It’s no secret that the American criminal justice system is “grossly inefficient and morally unacceptable,” as has been documented here before. In the latest American Prospect, Adam Serwer artfully peels back the layers of failure, and surveys the landscape for change:
In the 1980s and 1990s — the “tough on crime” era — -incarceration was touted as the simple solution to our crime problem. Today, the United States imprisons 1 percent of its entire population. Including the number of people on probation and parole, one in 31 Americans is under supervision of the criminal-justice system. Mass incarceration has succeeded in reducing crime, but the strategy has diminishing returns. The offense rate of the top 20 percent of offenders is more than 10 times that of the average prisoner — a few very active criminals commit most of the crime. But under the current system, offenders who could be more cheaply deterred or rehabilitated instead incur the most expensive — and, from the perspective of its effect on the community, damaging — form of punishment possible.
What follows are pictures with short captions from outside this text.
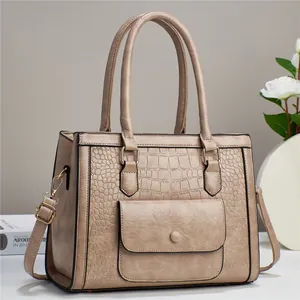 Detail of light brown tote bag featuring crocodile pattern texture and golden hardware
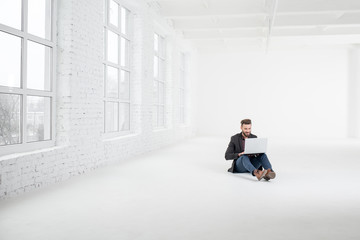 Elegant businessman working with laptop on the floor at the big white office interior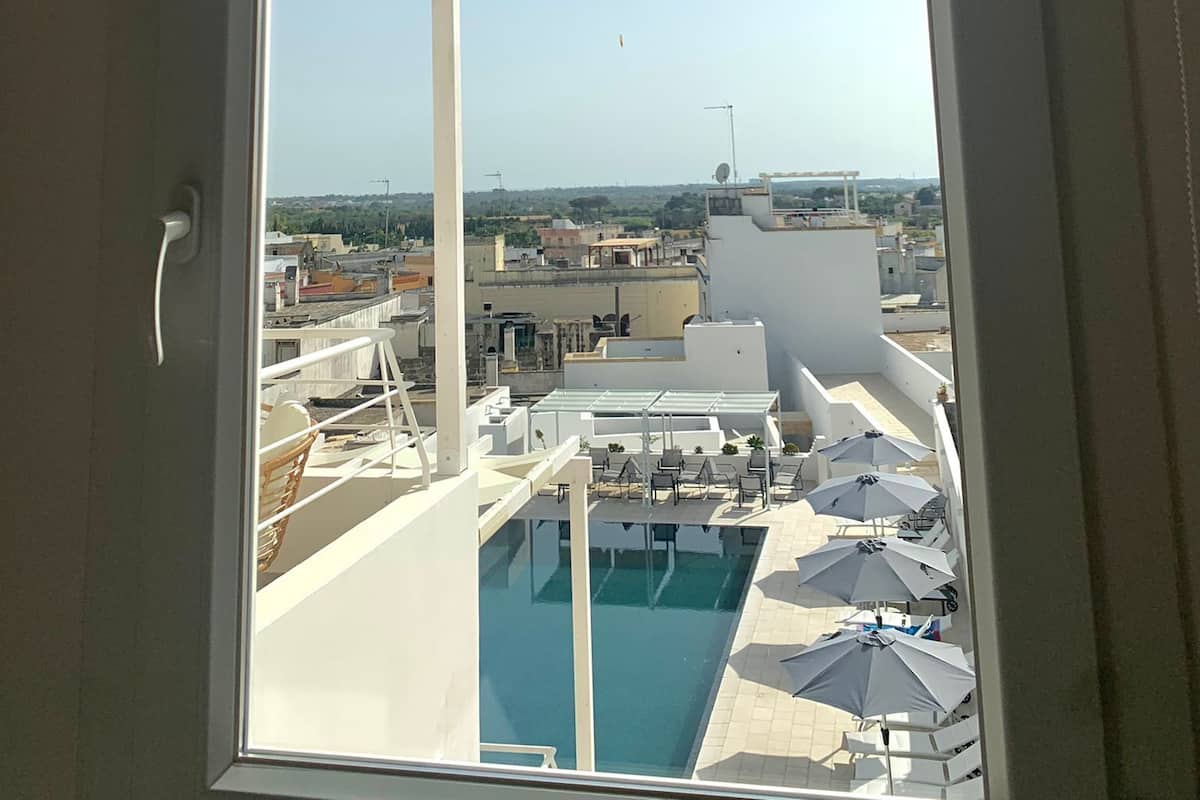 A view from a window overlooking a rooftop pool area with umbrellas and lounge chairs, and a clear sky.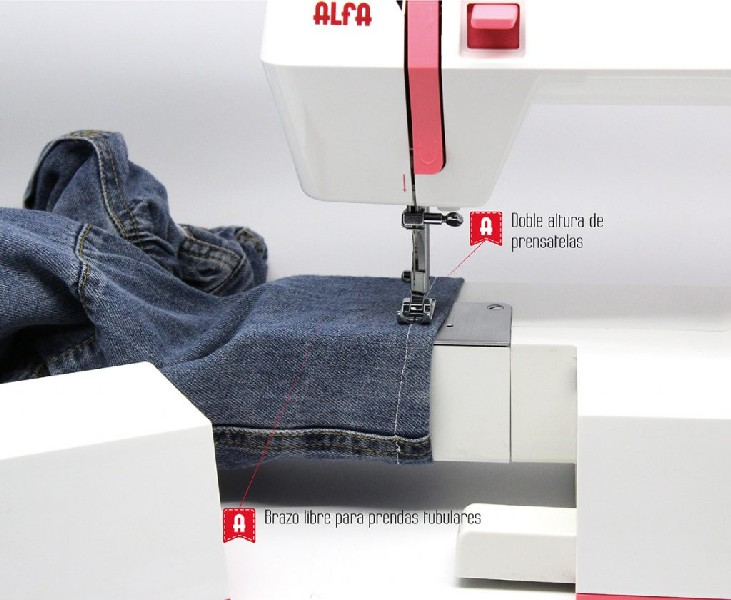Una máquina de coser cose tela vaquera azul con etiquetas y texto rojos.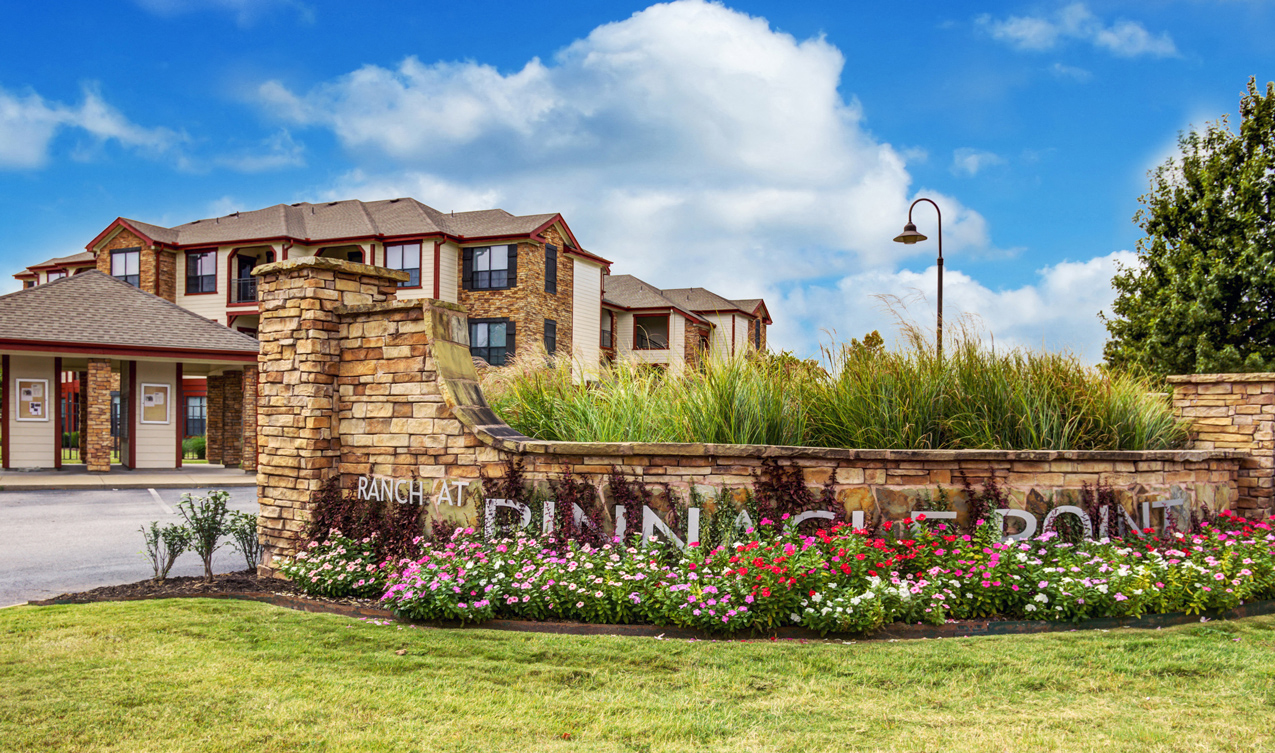 The exterior entrance to The Ranch at Pinnacle Point Apartments in Rogers, AR.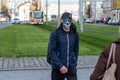 11/16/2020. Prague. 11/16/2020. Prague. Czech Republic. A man wearing a mask is crossing the railways at Hradcanska tram stop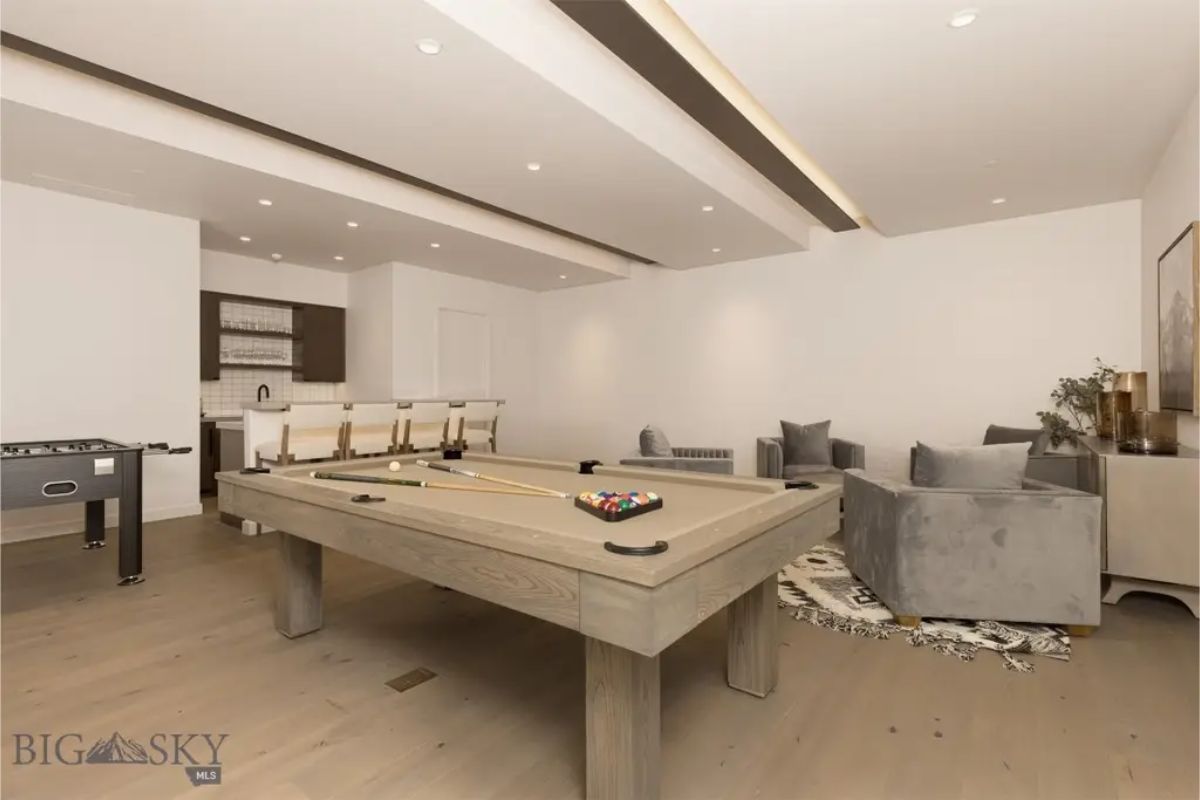 Game room includes a pool table, foosball, and a bar area, creating a spacious spot for relaxation and fun.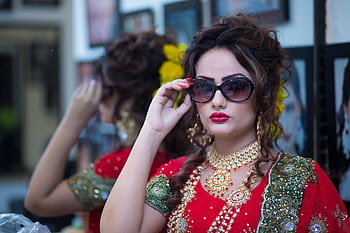 Beautiful South Asian bride in traditional red attire, adorned with jewelry and sunglasses, posing indoors. HD wallpaper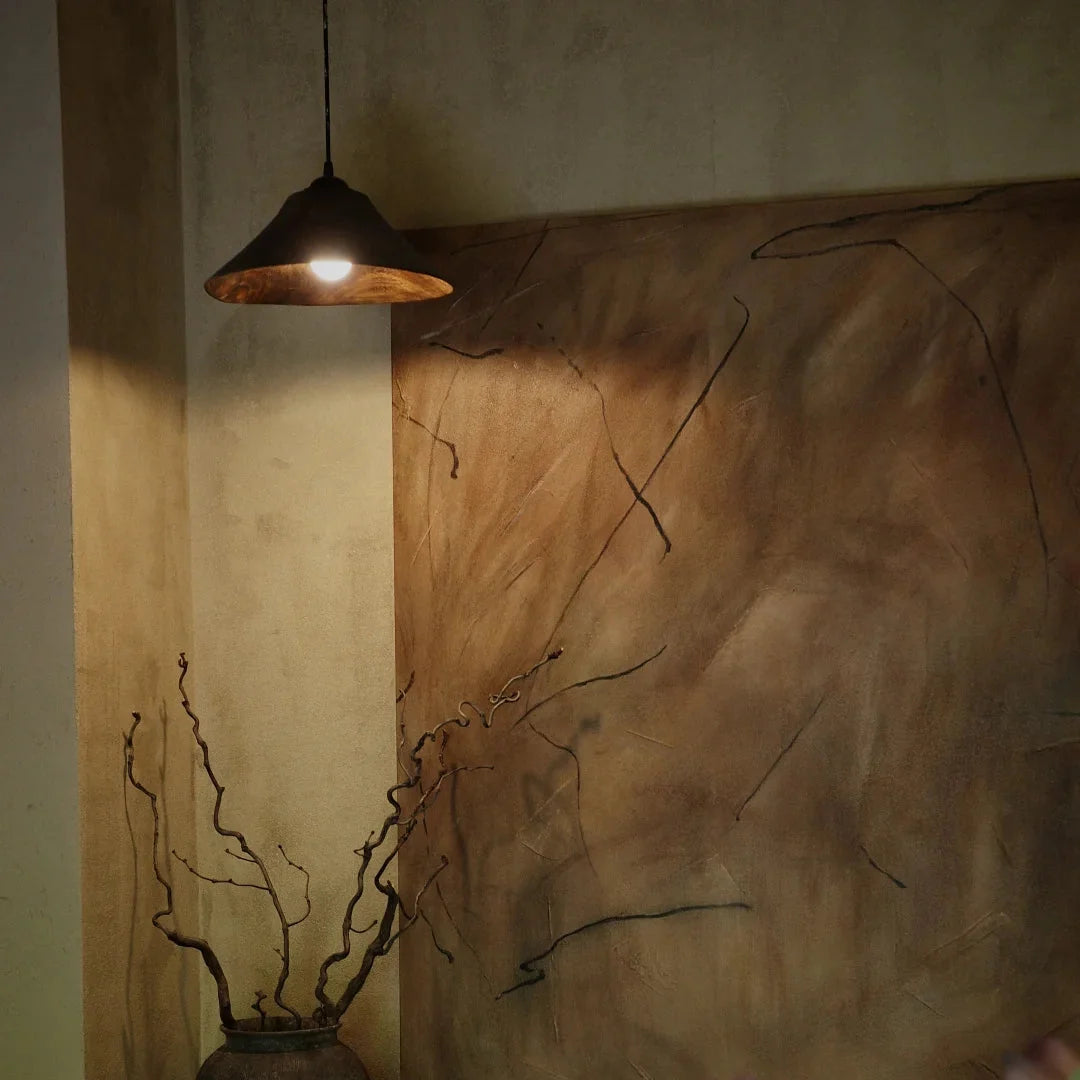 Cone wood pendant light with dark wood cone shade, warm glow from hanging cord
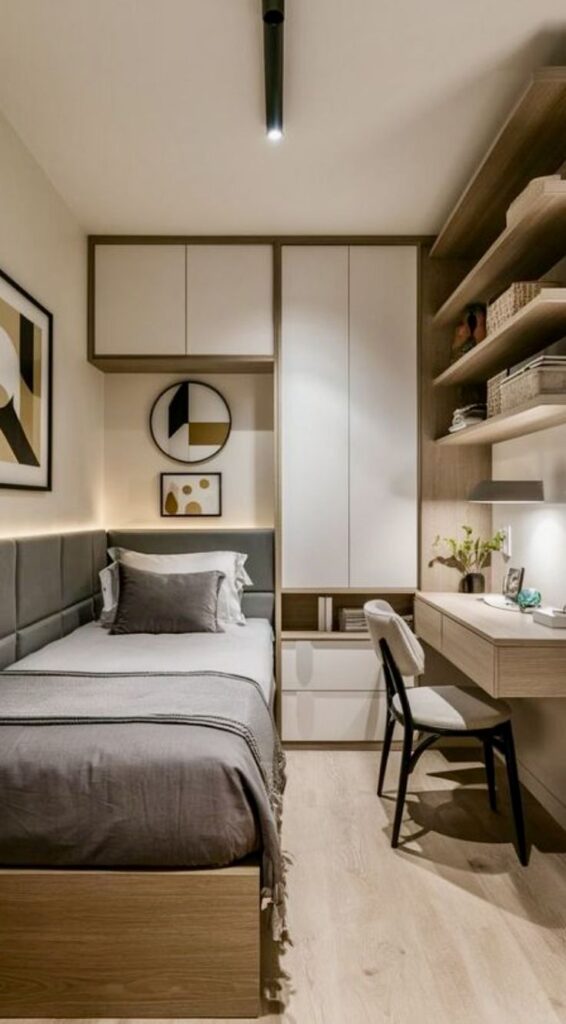 Compact modern bedroom with cozy gray bed, built-in shelves, desk, and minimalist decor.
This is why, even as the number of incarcerated people has increased exponentially, crime hasn’t decreased at the same rate.
Fueled by the damage mass incarceration has done to state budgets, a new “smart on crime” movement has emerged to seek new ways of reducing the number of people in the system. Many states, including New Jersey, have attempted to do so by reforming probation and parole, in part by using something called “graduated sanctions” — levying small punishments on those who violate the terms of their supervision. Instead of being thrown back in jail, parolees are confined in short-term residential assessment centers — privately run institutions where they are evaluated. The parole board, based on recommendations from the parole officer, then decides the best course of action: revoking parole, placing the offender in a work or treatment program, or putting him on position-monitoring (using the ankle bracelet), which is one of the harsher sanctions in New Jersey.